In the PAR, the owner claims that the conditions for which the
rent was reduced are not the services which the tenants complained
of; that the failure to notify the owner of the reduced service
prior to the reduction of the rent is a deprivation of due process;
that the rent reduction is not consistent with Policy Statement 89-
1 which, the owner contends, holds that a rent reduction will not
be ordered where the alleged failure to maintain services involves
a minor condition that occurs normally despite ongoing maintenance
or recurs from time to time and is addressed through periodic
maintenance; that the agency has held that routine maintenance
problems do not warrant a rent reduction; and, that all services
were restored before the order was issued. The owner further
DE630209RO
states in his PAR that the basement hallway was cleaned "that
afternoon" and auto parts were placed there by a tenant and were
disposed of the "next day"; that the empty tanks were hot water
tanks installed to provide heat and hot water while the main boiler
was being repaired and that the tanks remained on the premises
until the boiler company completed the necessary repairs; and that
the conditions found by the inspector were neither essential nor a
substantial deterioration of the housing accommodation.
The owner's PAR was served on the tenants on September 5,
1989. Various tenants responded claiming that the building is not
well maintained, that the halls are not swept, mopped, or waxed
daily as claimed.
The Commissioner is of the opinion that the petition should be
denied.
The Commissioner notes that the tenants' complaint of a
decrease in building wide services included a complaint regarding
the "regular maintenance of the building", specifically, that the
superintendent has failed to regularly clean the hallways,
incinerator and garbage areas. In response to this complaint the
owner stated, among other things, that waxing, sweeping, and
mopping were done on a daily basis by the resident superintendent.
The inspection conducted by a Division employee on March 14, 1989
revealed that the basement was filthy with dog droppings and that
the courtyard was also filthy and contained auto parts and 2 large
empty tanks. The Commissioner rejects the owner's contention that
the conditions for which the rent was reduced were matters which
were not complained of, were minor, or were matters of routine
maintenance. The condition complained of and the finding both fall
within the scope of inadequate janitorial services building wide.
The owner's reference to Policy Statement 89-1 is inapposite.

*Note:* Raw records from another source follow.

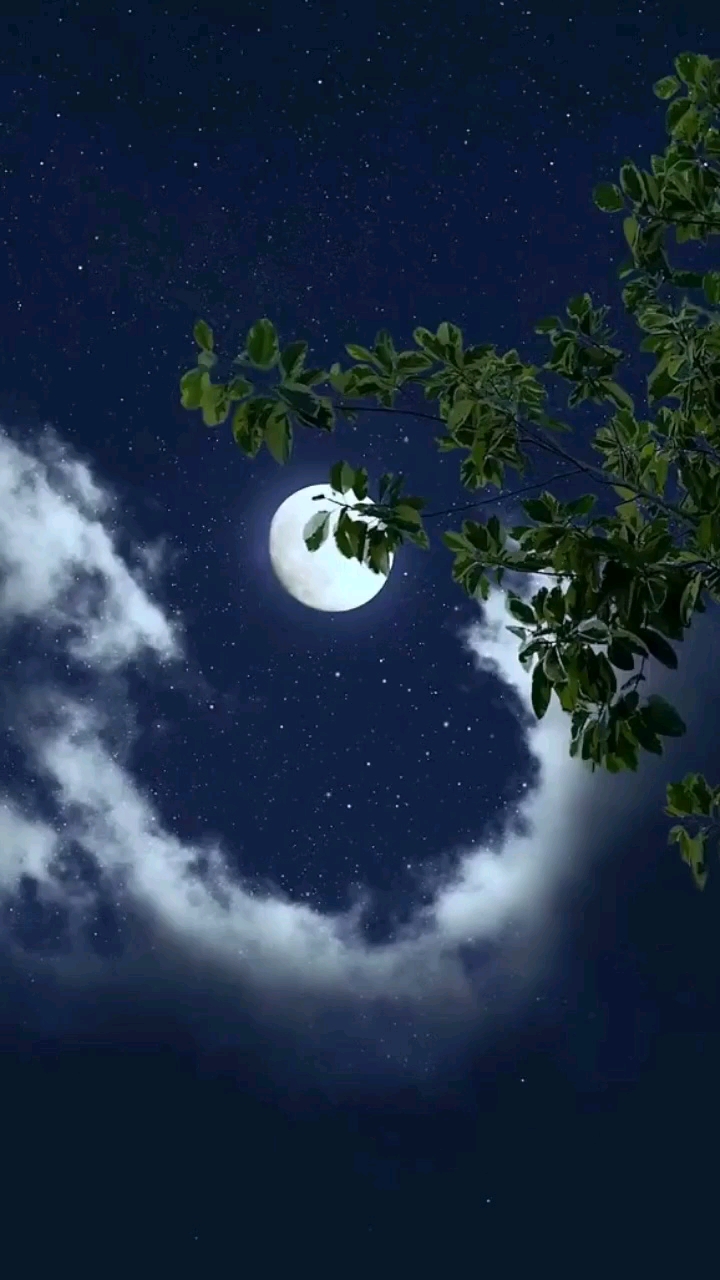 一轮圆月挂天边,满心祝福涌心间.天各一方遥相念,中秋徍节共婵娟.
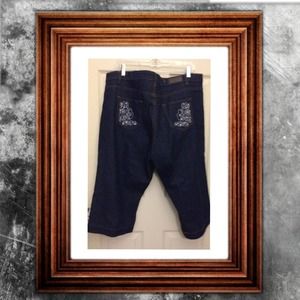 american eagle plus size jeans size 20 12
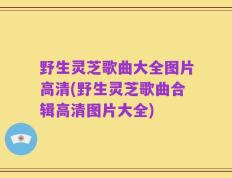 野生灵芝歌曲大全图片高清(野生灵芝歌曲合辑高清图片大全)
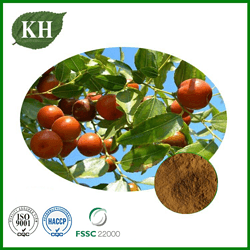 Jujube Seed Extract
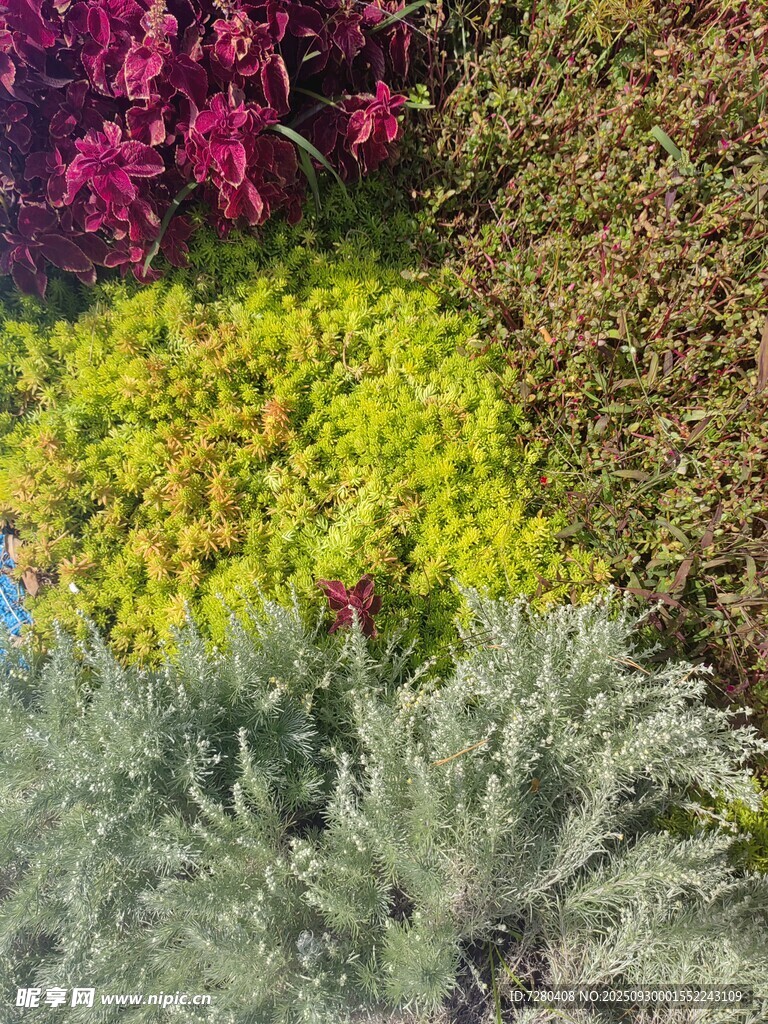 多彩花卉绿植景观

That policy statement was revised and replaced by Policy Statement
90-2 issued February 21, 1990. In the revised policy statement all
references to minor conditions occurring normally despite on-going
maintenance, or re-occurring despite periodic maintenance, have
been deleted. The policy was revised to reflect the holding in the
case of In the Matter of Hyde Park Gardens v. DHCR, 140 AD2 351,
527 NYS 2d 841 (2d Dept. 1988), affirmed 73 NY 2d 998, 541 NYS 2d
345 (1989) which held, among other things, that when an agency
inspection reveals diminutions in services, a rent reduction is
warranted and the Commissioner will not look into the extent of
such service diminutions.
The owner incorrectly asserts that the decrease in services
DE630209RO
must involve essential services or amount to a substantial
deterioration of the housing accommodation. Section 2523.4 of the
Rent Stabilization Code, which is applicable in this case, provides
for a rent reduction where it is found that the owner has failed to
maintain required services. Required services as defined in Sec.
2520.6(r) include janitorial services and removal of refuse.
As for the due process considerations raised by the owner, the
record reflects that the owner was served with a copy of the
tenants' complaint in the proceeding below and filed a response
thereto on October 27, 1988. Further, there is sufficient
connection between the services complained of and the
Administrator's findings to conclude that the owner had sufficient
notice of the condition. The owner's assertion that the services
were restored before the order was issued does not warrant
modification or revocation of the order. A review of the record
clearly shows that the owner did not submit any evidence to the
Administrator that the conditions noted in the order had been
corrected prior to its issuance. In addition, the PAR while
claiming the services were restored the "same day" or the "next
day" does not indicate just what day that was.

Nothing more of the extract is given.